青森ねぶた祭実行委員会は29日、青森市のねぶたの家ワ・ラッセで、大型ねぶた運行団体の管理や安全運行をテーマに講習会を開いた。昨年の青森ねぶた祭で、運行団体の一つで運行中にスタッフを殴打する問題が発生したことを受け、再発防止に向けた取り組みとして開催。専門家が、自由度の高い青森ねぶたは事件・事故の要因を生みやすい環境にあるとして、幅広いリスクを想定した事前準備の大事さを強調した。
危機管理が専門の青森中央学院大学・大泉常長教授は、青森ねぶたの特徴として「行政や警察の介入が限定的で市民が自由に参加できる分、リスクも背負っている」と指摘。交流サイト(SNS)の発達で、長所も短所も世界中に発信されやすい環境へと変化していることを念頭に「自分たちが、常に見られていると覚悟して行動を」と訴えた。
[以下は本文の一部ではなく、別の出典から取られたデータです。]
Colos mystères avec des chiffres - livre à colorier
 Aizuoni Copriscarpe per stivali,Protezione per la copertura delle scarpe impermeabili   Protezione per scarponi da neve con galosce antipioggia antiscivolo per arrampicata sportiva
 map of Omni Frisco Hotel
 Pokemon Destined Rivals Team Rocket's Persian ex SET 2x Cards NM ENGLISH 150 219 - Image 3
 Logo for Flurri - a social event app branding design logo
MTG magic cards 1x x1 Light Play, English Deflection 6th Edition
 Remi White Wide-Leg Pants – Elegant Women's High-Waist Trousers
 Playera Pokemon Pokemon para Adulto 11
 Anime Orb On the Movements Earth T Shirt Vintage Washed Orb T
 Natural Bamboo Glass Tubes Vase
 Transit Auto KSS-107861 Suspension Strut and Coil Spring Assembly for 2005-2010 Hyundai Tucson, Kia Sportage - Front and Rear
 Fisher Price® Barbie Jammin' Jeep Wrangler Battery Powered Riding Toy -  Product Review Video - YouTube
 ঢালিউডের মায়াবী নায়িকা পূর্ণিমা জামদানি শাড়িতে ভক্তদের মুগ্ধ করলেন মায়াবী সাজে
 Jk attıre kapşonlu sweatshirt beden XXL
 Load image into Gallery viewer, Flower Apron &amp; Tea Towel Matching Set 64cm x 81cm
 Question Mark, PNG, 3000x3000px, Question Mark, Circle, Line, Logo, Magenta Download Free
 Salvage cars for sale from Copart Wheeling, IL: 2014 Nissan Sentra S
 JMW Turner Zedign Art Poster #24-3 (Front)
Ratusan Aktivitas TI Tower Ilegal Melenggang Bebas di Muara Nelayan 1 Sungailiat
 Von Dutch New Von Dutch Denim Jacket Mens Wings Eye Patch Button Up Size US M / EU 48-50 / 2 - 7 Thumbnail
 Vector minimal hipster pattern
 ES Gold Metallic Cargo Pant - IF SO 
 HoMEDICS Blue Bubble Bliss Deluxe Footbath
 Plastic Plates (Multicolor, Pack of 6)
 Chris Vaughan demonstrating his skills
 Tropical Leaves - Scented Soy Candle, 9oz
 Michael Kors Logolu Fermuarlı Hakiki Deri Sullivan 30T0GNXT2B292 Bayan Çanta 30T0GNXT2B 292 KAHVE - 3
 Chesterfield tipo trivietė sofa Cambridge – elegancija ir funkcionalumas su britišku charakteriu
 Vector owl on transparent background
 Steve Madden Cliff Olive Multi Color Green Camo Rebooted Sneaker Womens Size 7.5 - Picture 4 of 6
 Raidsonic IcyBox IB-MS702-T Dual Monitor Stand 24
青森ねぶた運行団体協議会の山内誠会長は、路上で運行を指揮する「扇子持ち」の役割や心構えをテーマに講演。扇子持ちの責任の大きさや技術を解説するとともに、接触事故や運行の遅れを発生させないためには「扇子持ちだけでなく、運行責任者や無線担当者のサポートが大事」と強調した。
山内会長は、参加した運行団体に向けて「どの団体でもトラブルが起こり得るという意識を持ち、講習会の内容を各団体の多くの人と共有して、運行に向かってほしい」と呼びかけた。
講習会は大型ねぶた、大太鼓の運行団体24団体の責任者ら90人が参加した。昨年の祭りでは、24団体のうち青森青年会議所の運行支援者が、ねぶた運行中に引き手を殴打する問題が発生。殴打行為を撮影した動画がSNSを通じて拡散した。同会議所は、今夏の祭り参加自粛を決めている。